Repeat the records below exactly from the line containing "Blue Front Breckenridge Main Photo" to the line containing "9510 9th Avenue NW Seattle WA 98117", taking in both of those lines. Drop the pictures.

- [Provided material]
╔══
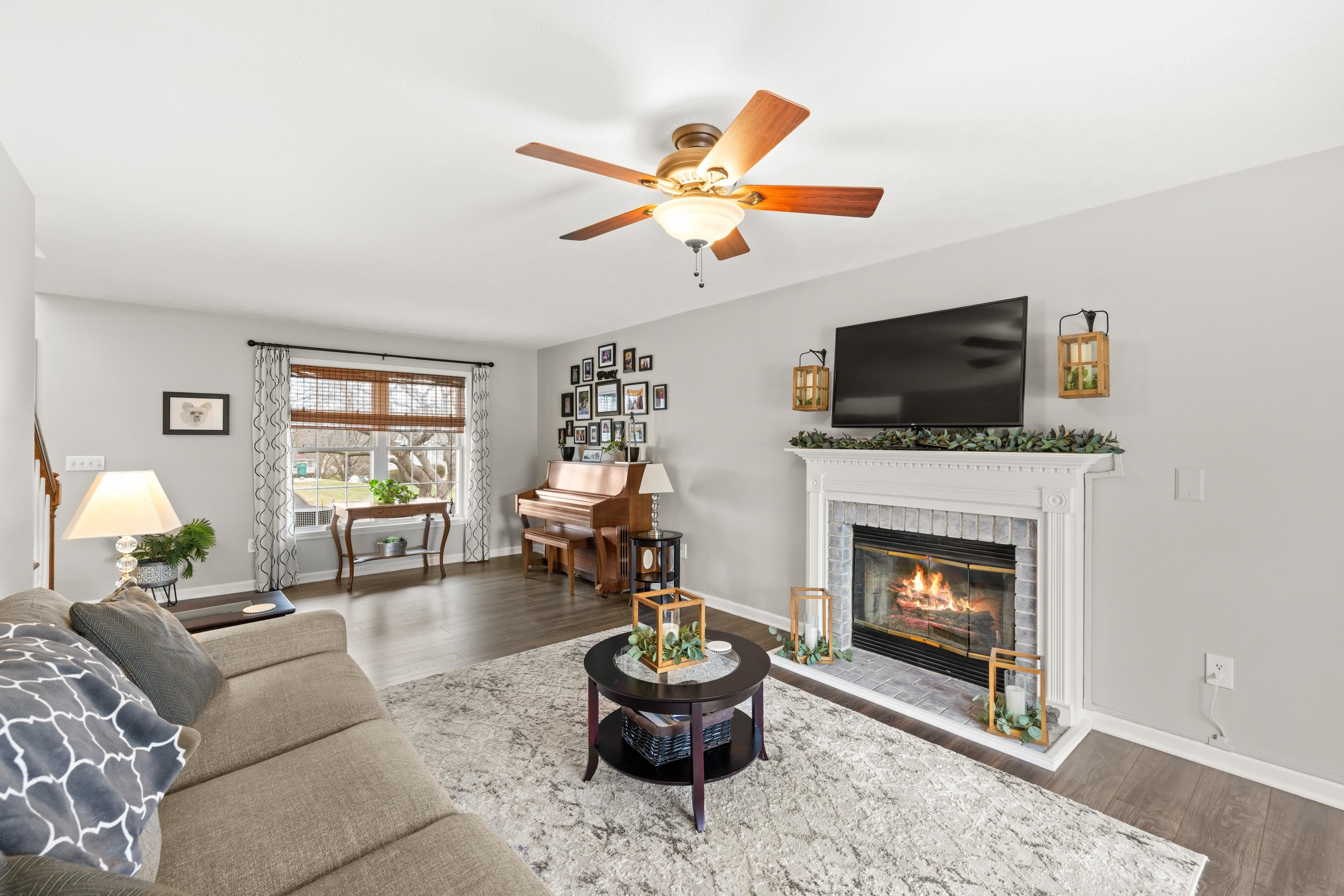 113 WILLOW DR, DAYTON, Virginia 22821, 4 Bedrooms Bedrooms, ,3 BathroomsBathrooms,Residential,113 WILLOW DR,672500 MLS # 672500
╚══
╔══
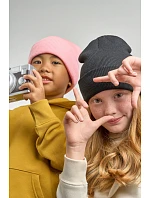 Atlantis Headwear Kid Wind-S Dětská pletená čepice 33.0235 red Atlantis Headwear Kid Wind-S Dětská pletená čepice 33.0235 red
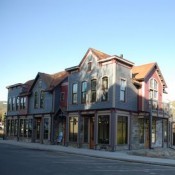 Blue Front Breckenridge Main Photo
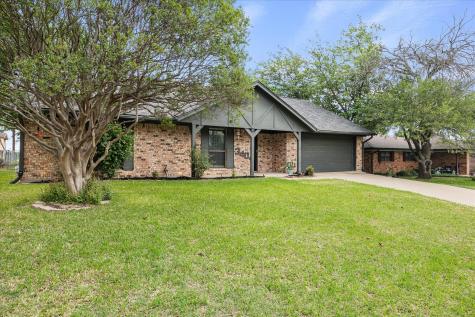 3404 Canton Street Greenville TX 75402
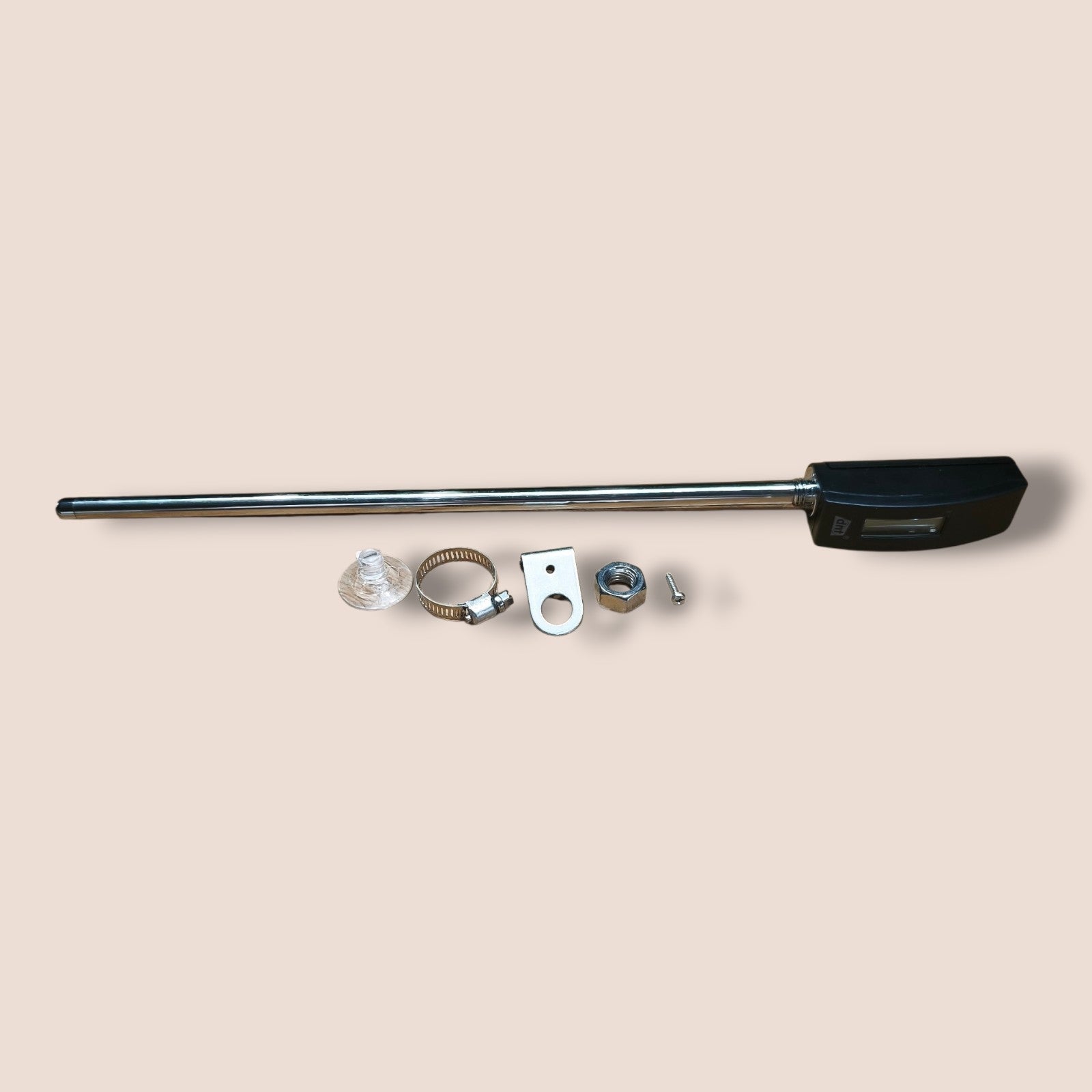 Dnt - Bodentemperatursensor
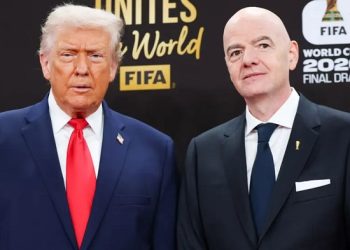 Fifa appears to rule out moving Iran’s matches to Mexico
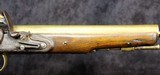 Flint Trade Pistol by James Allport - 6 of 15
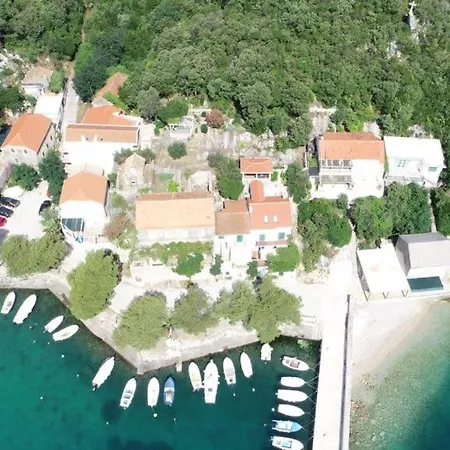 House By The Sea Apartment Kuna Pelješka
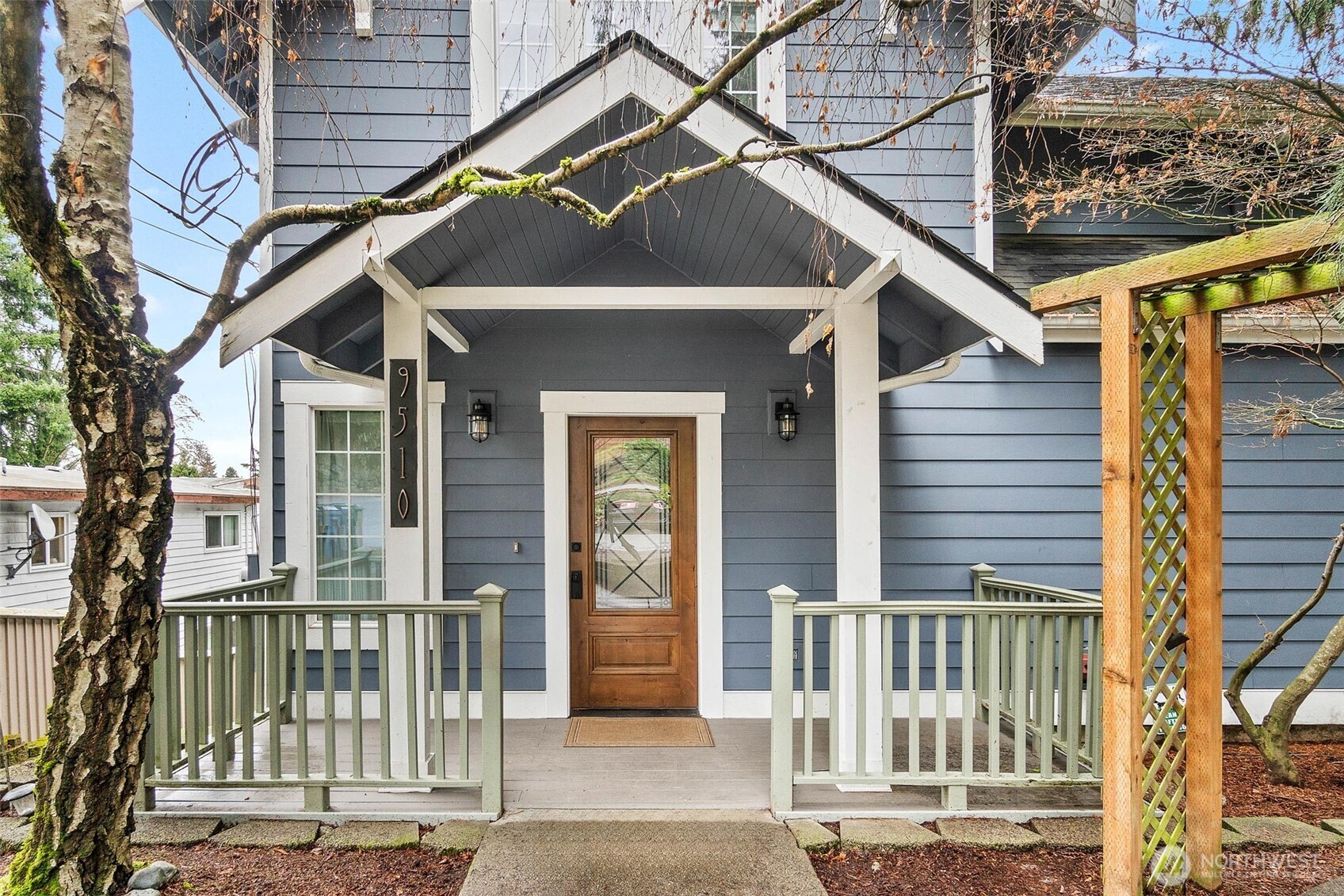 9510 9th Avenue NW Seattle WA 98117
╚══
╔══
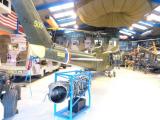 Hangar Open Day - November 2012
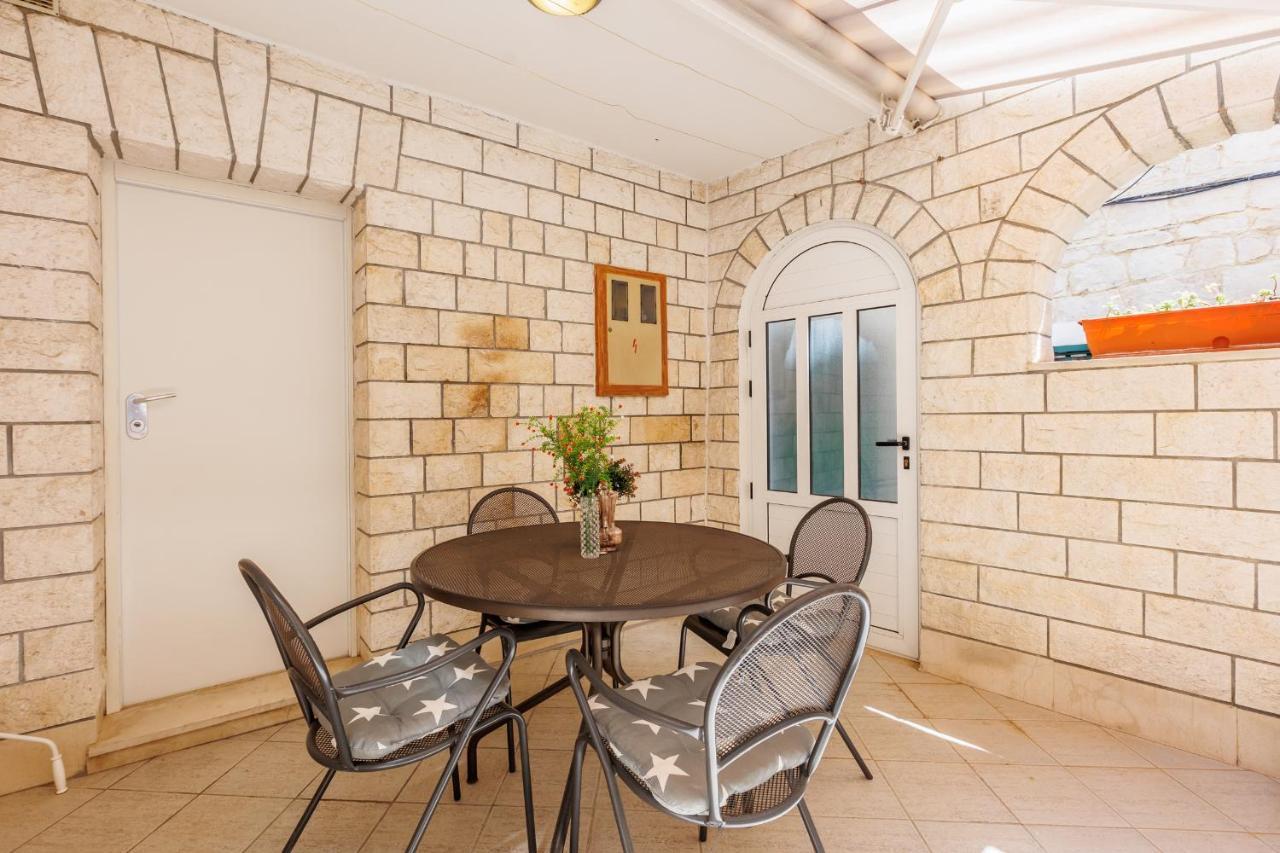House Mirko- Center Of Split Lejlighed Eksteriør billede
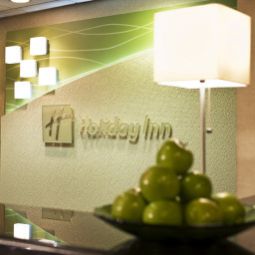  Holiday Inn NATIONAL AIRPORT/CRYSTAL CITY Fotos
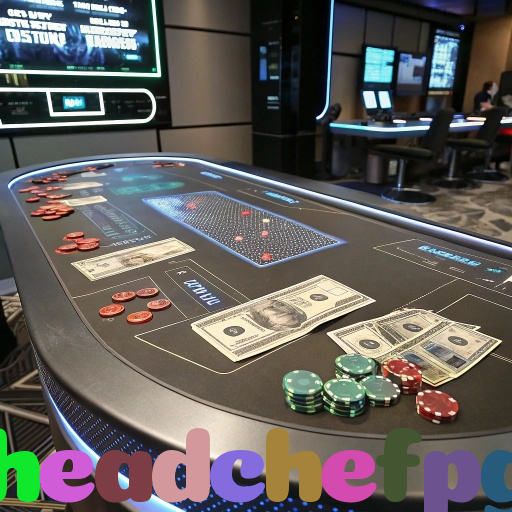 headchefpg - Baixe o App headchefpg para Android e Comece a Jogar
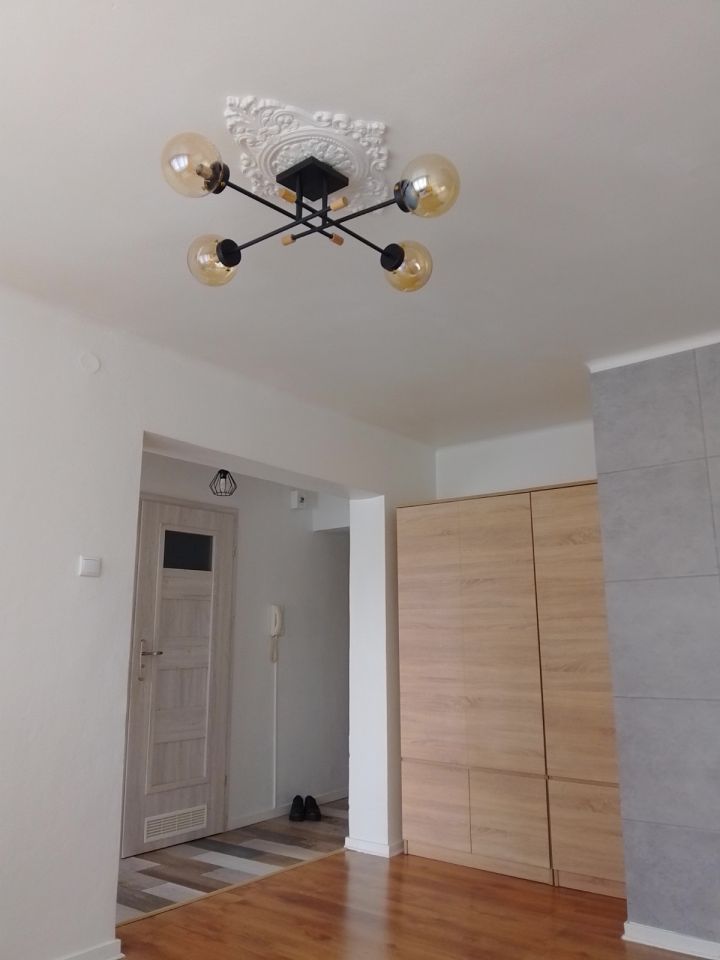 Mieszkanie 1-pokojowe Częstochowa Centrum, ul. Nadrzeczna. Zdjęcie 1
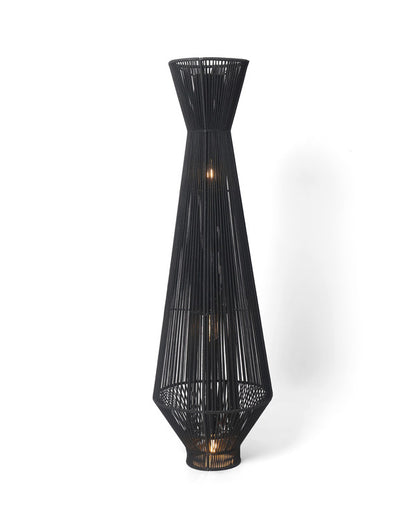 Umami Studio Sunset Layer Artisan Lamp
╚══
- [Result for this task]
 Blue Front Breckenridge Main Photo
 3404 Canton Street Greenville TX 75402
 Dnt - Bodentemperatursensor
 Fifa appears to rule out moving Iran’s matches to Mexico
 Flint Trade Pistol by James Allport - 6 of 15
 House By The Sea Apartment Kuna Pelješka
 9510 9th Avenue NW Seattle WA 98117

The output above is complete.